• [Exercise brief]: Once the line holding "wedding-flowers-bouquet-pink-pony" appears, repeat it and each line after it to the end of the data, exactly and with nothing else; pictures stay out.
··· Supplied information ···
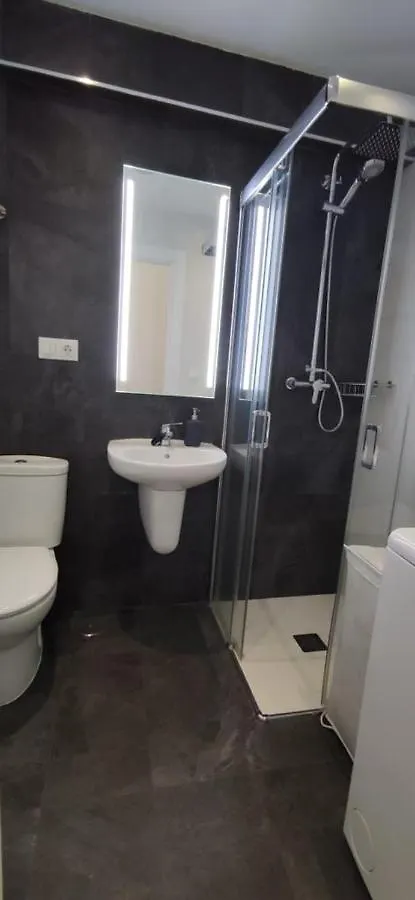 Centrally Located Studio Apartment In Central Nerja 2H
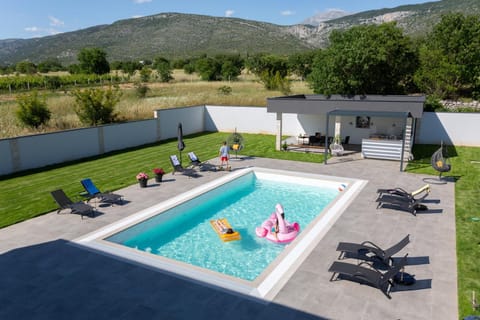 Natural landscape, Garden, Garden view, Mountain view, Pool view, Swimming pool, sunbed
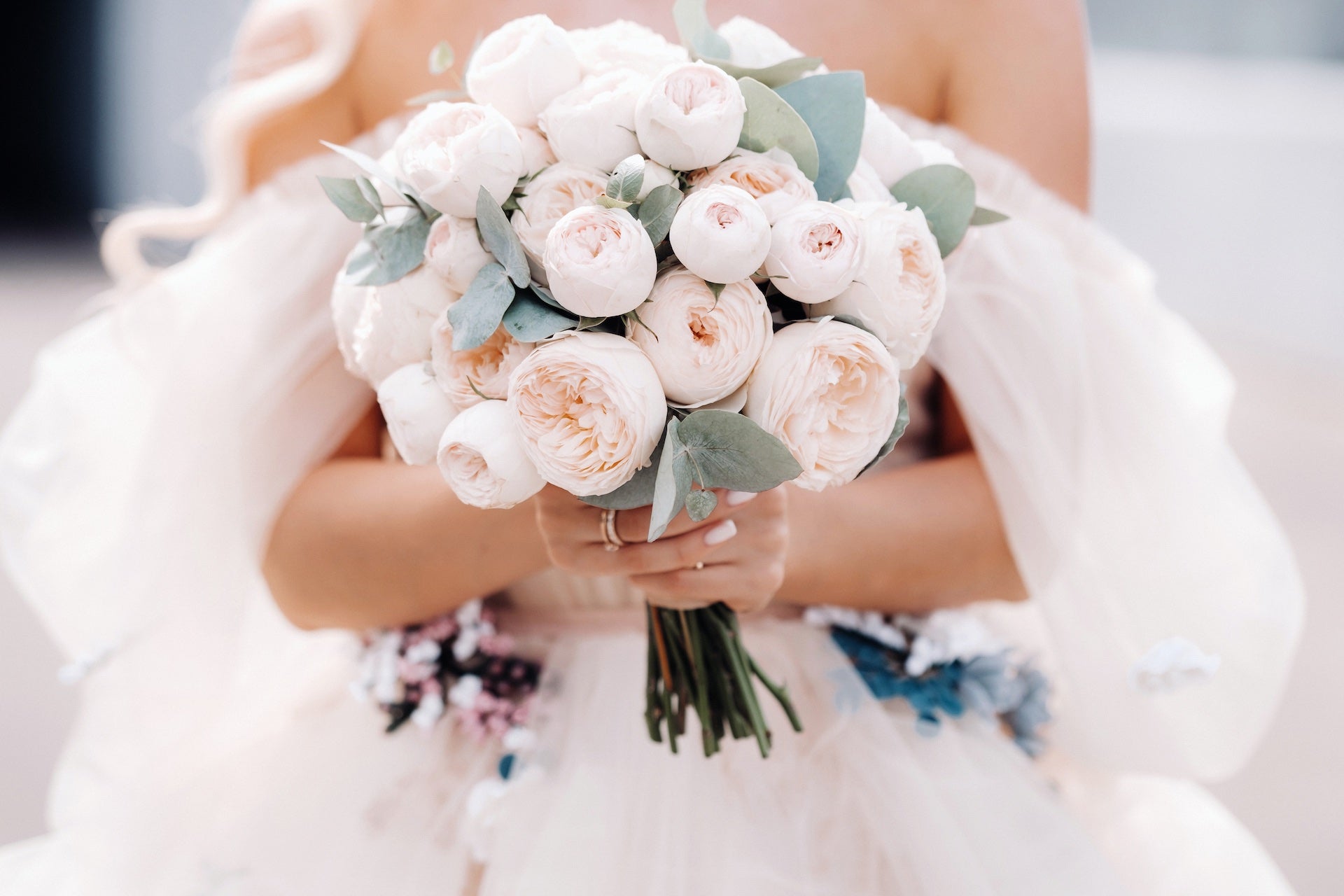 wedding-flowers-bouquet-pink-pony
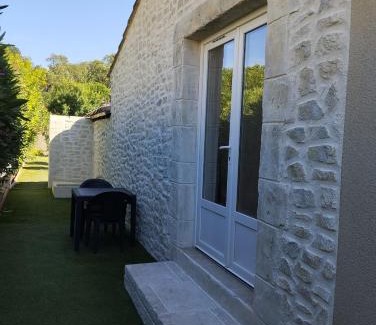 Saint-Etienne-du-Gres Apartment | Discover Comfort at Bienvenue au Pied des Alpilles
···
• [Output for this task]:
 wedding-flowers-bouquet-pink-pony
 Saint-Etienne-du-Gres Apartment | Discover Comfort at Bienvenue au Pied des Alpilles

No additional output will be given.